China's first box-office decline in eight years has prompted brainstorming among industry insiders at an ongoing movie festival
China's January-to-May box-office revenue has declined for the first time since 2011.
This cause for concern among industry insiders has become a major topic of discussion at the ongoing 22nd Shanghai International Film Festival.
Statistics from the country's top film regulator show that China's 64,510 screens had grossed 27 billion yuan ($3.9 billion) as of May 31, down 5.1 percent year-on-year, according to China Film News.
A report from box-office tracker Maoyan released during the festival says the decline may be due to a drop in the number of theatergoers. From January to May, cinemas on the mainland registered 688 million admissions, plummeting 13.5 percent from 796 million admissions in the same period in 2018.
The report says Chinese films are encountering a bigger decline than foreign films. Chinese films accounted for 54.8 percent of the total box office-while the number in 2018 was 63 percent-and domestic movies raked in 14.8 billion yuan, a fall of 17.5 percent compared to last year.
At the Shanghai festival, which runs through Monday, seven top Chinese studio chiefs gathered for the first forum there to discuss the challenges ahead.
Yu Dong, chairman and CEO of the Bona Film Group, says last year was "a severe winter" for the industry. Nearly half of the publicly-listed film companies saw their market valuations shrink.
Following A-list actress Fan Bingbing's tax scandal, China ordered film and TV companies and individuals to fully declare their earnings and "self-examine taxpaying". A total of 11.8 billion yuan of unpaid taxes was filed with the tax authorities by the end of 2018, according to Xinhua News Agency.
Anxious about the market slowdown, Yu says Chinese filmmakers should work harder toward developing new film genres and raising the quality of their storytelling to draw back audiences to the cinema.
"When I started to work in the film sector in 2001, China's annual box-office takings were less than 900 million yuan. The figure expanded to 60.9 billion yuan in 2018. We should keep this (earlier) momentum going despite 2019 looking like a difficult year," Yu says.
And huddling for warmth has become one of the main themes of the festival forums this year.

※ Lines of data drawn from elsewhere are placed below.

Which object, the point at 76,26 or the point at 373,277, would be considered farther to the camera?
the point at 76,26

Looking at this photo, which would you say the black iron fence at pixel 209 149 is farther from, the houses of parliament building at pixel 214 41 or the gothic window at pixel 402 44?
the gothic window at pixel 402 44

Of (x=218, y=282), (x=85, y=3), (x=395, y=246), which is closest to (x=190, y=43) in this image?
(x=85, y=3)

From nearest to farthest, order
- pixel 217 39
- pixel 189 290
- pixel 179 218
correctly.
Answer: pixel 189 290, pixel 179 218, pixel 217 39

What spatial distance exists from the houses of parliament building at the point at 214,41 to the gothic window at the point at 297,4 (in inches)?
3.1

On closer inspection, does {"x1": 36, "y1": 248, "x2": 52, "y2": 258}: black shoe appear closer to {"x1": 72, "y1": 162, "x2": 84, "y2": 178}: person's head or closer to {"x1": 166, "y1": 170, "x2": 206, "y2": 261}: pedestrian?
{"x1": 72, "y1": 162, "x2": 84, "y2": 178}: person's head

Fan Luyuan, chairman of tech giant Alibaba Group's film subsidiary Alibaba Pictures, says Chinese filmmakers should get together to enhance cooperation and combat economic risks.

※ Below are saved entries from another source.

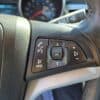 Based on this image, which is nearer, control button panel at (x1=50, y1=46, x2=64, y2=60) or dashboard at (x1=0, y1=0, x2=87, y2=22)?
control button panel at (x1=50, y1=46, x2=64, y2=60)

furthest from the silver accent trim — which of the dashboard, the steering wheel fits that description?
the dashboard

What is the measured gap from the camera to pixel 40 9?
158cm

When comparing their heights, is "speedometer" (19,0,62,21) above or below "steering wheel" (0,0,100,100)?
above

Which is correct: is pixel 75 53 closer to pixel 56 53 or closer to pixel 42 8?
pixel 56 53

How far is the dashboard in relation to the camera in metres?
1.49

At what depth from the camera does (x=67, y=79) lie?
2.12 feet

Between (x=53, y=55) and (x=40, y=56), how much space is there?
2cm

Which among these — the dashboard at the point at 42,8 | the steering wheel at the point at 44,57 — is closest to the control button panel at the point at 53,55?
the steering wheel at the point at 44,57

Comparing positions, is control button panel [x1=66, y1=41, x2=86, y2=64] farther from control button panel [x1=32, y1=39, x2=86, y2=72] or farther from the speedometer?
the speedometer

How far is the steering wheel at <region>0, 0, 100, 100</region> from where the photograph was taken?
2.08ft

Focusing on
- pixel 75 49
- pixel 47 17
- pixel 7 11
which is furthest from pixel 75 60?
pixel 7 11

Instead of investing alone in big-budget films, as in the past, most studios now prefer to join forces to co-finance them, echoes Jiang Ping, general manager of the China Film Group.

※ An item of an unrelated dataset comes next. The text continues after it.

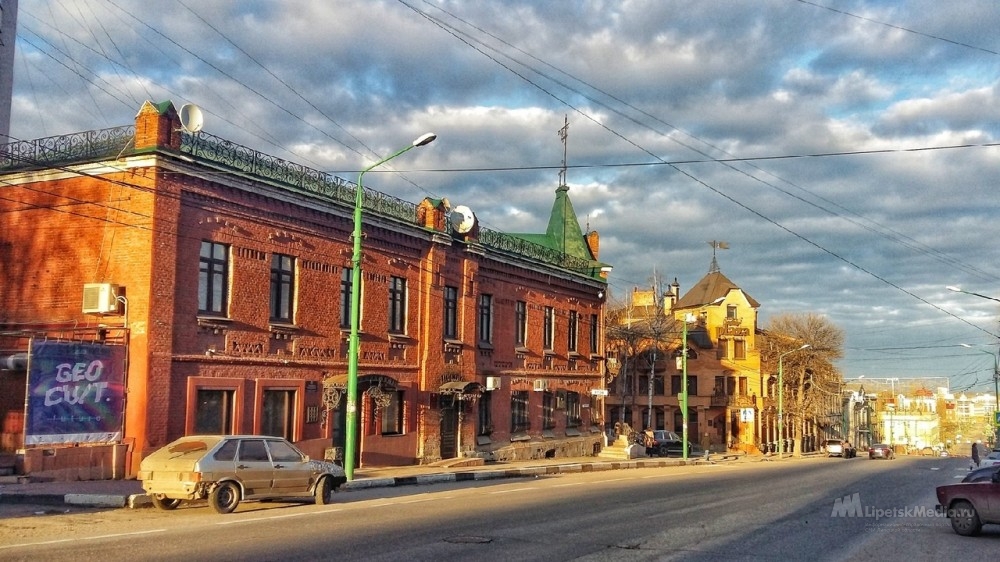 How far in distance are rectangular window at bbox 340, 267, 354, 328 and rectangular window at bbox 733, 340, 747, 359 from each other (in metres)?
50.2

For instance, Shanghai Fortress, one of the most anticipated science-fiction movies after The Wandering Earth-a game changer in the film genre in China-has so far drawn 12 companies on board, with five involved in coproduction and the other seven in co-distribution.
Other forthcoming major films with multiple investors behind them include Li Shaohong's war epic Liberation, and Me and My Motherland, an anthology co-directed by Chen Kaige and six other top directors to celebrate the 70th anniversary of the founding of the People's Republic of China this year.
Last year, up to 122 foreign films were released in China. In addition, China coproduced 47 movies with 12 other countries in 2018, data from the China Film Coproduction Corporation shows.
Fan of Alibaba Pictures says Chinese filmmakers can learn from their foreign counterparts. Hollywood's formula for global popularity has contributed to producing bankable franchises, such as Marvel's superhero stories, The Fast and the Furious and Star Wars.
"Few smash hits in China have shot more than two sequels," Fan says.
China should aim to become an important player in conveying cultural values in the global film market in future, he adds, but for now it should focus on cultivating talent and polishing stories.
Ren Zhonglun, chairman of the Shanghai Film Group, says the slowdown could also become a turning point to rebuild a better future for the local film industry.
"The slowdown will make us think more about how to shape Chinese cinema's own style and appeal, instead of hurrying up to catch up with the United States," says Ren.
"Movies are always about people and their stories. I believe a good film, no matter what genre it falls in, should be thought-provoking and artistically creative," he adds.